Wednesday, April 20, 2011

My Dream Is to Be an Author


If you are a dreamer, come in.
If you are a dreamer, a wisher, a liar,
A hoper, a prayer, a magic-bean-buyer.
If you're a pretender come sit by my fire,
for we have some flax-golden tales to spin.
Come in! Come in!

- Shel Silverstein

I dream of being an author. Of writing a book that people buy. One that is on the New York Times Bestsellers list. One that is translated into fourteen languages. One people recommend for book club and share with their friends. I dream of signing autographs at Barnes & Noble and telling Katie Couric exactly what inspired me. I dream of a rustic yet spacious cabin in the woods where I can afford to live full time and write away. I have much free time and free money to spend with my family. And my job is wonderful because it is writing books.


It's a dream that is so big that it scares the pants off me. What's yours? We all have them.

Have they been been placed in a dusty corner of your mental attic? (I've done that.)

Have you told yourself that you had to trade it for "different" dreams? (I've done that.)

Have you told yourself they are too silly? That dreams like that are just for children? (I've done that.)

Have you pushed them way into the future, telling yourself "someday"? (I've done that.)

Have you told yourself that you are too old, that you missed your chance? (I've done that.)

Have you told yourself that dreams are all they will ever be? It's great to have dreams but they never come true? (I've done that. A lot.)

I can't even number the amount of novels I have started. Two or three chapters in and a little voice begins to tell me, "This is stupid. No one would ever read this. You're wasting your time."

But dreams don't die easily. They don't slip away quietly in the night, gently stop breathing, and pass into the great void of dead dreams. No, dreams are violent. They bleed. They scream. They thrash. And if you ever manage to truly kill a dream, it haunts you. Forever.

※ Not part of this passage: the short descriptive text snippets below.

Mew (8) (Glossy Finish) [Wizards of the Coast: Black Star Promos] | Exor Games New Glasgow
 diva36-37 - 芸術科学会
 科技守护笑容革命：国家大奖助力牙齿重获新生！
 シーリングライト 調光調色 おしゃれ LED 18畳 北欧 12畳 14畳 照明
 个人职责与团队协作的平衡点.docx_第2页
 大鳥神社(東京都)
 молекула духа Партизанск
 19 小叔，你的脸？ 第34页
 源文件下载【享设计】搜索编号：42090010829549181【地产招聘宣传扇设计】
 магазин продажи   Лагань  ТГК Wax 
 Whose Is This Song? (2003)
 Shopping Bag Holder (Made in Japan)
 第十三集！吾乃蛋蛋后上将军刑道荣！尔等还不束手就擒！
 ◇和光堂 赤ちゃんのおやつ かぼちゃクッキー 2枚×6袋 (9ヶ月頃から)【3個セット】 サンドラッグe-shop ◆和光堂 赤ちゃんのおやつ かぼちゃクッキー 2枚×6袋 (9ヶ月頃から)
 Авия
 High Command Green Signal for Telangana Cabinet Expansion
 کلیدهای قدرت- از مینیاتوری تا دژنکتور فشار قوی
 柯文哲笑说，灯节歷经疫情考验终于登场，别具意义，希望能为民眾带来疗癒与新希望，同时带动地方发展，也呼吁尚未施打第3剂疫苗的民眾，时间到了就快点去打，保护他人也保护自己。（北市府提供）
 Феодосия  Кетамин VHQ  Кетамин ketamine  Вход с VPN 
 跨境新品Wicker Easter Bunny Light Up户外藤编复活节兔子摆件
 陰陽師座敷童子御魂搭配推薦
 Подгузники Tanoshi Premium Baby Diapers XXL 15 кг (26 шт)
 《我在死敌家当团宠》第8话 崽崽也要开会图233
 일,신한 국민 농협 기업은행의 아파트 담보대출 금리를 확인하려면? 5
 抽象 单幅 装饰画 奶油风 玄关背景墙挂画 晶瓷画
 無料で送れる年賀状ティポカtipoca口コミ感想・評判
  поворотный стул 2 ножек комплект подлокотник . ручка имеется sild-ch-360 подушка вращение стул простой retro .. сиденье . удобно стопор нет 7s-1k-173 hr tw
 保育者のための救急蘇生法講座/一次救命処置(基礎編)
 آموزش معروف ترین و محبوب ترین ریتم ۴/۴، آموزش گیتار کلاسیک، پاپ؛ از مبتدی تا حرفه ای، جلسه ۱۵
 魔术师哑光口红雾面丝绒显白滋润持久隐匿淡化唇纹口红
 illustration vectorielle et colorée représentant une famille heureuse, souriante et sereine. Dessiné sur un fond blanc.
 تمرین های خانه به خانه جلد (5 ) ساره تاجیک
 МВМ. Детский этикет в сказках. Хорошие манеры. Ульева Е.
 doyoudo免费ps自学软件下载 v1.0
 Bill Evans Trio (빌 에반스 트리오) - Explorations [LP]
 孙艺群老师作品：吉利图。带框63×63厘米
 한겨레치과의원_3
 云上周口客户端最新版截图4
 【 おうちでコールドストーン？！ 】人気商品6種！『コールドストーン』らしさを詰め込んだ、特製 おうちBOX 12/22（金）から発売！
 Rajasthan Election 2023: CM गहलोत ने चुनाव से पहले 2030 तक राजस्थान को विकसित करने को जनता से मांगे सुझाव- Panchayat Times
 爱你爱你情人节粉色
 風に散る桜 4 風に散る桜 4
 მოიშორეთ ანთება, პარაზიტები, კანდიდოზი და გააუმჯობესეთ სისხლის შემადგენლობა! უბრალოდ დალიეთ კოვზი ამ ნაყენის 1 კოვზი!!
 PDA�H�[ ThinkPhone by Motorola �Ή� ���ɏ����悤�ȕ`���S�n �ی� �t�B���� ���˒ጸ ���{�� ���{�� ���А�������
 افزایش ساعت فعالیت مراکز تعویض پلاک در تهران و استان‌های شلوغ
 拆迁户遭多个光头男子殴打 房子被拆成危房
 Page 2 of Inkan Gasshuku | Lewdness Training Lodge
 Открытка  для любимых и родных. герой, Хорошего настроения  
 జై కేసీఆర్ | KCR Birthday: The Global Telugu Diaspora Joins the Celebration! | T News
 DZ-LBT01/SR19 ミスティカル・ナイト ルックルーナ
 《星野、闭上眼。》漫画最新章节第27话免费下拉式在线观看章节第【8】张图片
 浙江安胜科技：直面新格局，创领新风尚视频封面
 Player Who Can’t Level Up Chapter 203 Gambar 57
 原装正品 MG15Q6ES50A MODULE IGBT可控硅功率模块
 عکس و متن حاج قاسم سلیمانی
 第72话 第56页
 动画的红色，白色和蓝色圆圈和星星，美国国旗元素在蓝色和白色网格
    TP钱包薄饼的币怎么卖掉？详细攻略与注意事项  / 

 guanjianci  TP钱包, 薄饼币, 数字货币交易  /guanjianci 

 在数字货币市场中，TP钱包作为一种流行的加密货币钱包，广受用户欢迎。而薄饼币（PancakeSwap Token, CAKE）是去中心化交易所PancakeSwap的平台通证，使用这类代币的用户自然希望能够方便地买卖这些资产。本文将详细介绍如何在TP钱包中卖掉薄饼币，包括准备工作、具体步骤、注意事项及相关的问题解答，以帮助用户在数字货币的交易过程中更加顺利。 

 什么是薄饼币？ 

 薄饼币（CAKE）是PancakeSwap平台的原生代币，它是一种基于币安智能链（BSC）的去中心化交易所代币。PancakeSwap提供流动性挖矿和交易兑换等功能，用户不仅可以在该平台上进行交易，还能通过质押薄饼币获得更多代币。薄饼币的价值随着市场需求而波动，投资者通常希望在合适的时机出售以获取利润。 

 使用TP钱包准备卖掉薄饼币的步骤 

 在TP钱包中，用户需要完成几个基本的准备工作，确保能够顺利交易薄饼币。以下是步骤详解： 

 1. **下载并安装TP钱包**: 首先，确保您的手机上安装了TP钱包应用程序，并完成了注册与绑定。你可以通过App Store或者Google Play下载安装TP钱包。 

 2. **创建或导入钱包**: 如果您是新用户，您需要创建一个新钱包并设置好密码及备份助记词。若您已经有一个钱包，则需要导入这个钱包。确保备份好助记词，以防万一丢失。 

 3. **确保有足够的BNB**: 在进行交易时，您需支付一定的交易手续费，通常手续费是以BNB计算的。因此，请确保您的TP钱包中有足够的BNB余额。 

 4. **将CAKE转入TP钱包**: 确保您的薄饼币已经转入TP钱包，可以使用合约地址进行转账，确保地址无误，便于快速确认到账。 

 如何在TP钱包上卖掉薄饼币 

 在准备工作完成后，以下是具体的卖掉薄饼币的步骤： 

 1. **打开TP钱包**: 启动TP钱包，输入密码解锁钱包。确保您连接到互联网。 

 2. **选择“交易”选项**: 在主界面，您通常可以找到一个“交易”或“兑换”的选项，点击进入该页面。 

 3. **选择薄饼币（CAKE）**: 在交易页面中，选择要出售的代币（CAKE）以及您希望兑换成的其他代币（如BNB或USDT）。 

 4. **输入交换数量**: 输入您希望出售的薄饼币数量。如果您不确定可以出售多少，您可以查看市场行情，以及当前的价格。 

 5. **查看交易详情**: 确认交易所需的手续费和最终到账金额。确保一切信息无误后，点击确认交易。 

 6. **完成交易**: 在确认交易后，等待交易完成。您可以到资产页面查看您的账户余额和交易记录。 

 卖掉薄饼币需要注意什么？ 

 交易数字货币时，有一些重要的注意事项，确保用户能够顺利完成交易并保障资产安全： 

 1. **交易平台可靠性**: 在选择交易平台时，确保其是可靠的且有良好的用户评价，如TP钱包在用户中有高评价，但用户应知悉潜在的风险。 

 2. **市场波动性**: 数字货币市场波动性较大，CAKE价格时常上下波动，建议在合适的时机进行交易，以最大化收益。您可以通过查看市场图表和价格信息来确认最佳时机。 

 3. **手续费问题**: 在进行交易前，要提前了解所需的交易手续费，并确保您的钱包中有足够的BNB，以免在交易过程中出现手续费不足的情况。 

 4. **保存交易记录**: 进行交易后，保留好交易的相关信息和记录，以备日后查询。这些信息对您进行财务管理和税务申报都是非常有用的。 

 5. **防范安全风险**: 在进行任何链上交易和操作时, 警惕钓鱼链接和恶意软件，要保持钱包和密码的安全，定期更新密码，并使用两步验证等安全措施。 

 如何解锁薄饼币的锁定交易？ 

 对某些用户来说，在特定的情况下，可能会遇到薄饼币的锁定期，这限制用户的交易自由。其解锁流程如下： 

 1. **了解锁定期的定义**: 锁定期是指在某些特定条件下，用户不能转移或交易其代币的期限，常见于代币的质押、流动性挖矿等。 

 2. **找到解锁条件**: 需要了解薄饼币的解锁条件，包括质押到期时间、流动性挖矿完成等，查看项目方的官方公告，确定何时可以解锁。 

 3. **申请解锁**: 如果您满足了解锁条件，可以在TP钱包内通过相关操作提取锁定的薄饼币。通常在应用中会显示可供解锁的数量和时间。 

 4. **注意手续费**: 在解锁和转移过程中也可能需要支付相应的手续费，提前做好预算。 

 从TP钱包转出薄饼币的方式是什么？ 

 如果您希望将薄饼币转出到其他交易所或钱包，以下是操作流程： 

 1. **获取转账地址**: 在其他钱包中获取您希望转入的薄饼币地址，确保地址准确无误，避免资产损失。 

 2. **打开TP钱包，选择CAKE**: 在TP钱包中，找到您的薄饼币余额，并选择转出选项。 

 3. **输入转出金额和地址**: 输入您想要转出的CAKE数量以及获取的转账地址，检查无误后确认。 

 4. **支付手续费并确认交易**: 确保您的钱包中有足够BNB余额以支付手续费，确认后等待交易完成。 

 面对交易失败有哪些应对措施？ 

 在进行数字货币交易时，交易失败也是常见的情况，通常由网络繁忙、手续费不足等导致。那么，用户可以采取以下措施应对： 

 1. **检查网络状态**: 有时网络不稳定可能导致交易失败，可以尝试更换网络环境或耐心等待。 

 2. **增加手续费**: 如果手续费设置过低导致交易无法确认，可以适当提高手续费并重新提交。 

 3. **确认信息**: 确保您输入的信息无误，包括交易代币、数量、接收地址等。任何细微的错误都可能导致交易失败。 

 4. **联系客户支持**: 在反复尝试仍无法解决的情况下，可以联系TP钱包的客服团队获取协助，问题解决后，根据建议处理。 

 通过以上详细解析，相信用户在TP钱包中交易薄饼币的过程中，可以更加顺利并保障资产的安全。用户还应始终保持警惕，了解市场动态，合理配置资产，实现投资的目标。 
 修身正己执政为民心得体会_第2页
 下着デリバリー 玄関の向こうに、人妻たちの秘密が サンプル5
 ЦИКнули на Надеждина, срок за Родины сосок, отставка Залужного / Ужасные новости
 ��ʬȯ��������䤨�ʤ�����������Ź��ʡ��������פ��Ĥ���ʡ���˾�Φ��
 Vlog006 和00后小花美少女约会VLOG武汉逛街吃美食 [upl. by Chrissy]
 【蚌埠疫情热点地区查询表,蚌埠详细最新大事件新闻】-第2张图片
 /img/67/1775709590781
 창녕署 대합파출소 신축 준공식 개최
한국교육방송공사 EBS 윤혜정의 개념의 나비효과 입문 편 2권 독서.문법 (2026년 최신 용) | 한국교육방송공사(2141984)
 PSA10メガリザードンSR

Okay, so that got a little gothic.

After countless book beginnings, I finally got to a middle. I was shocked at myself. So shocked that I kept writing. And eventually, I got an end. I wrote an entire novel. I let some select people read it. It had to be so careful. Dreams are powerful, but awfully fragile. I was scared to share this sacred bit of my soul with people. It meant so much to me. All along I had been telling myself how stupid and lame it was. Could I cope if people who cared about me said the same thing?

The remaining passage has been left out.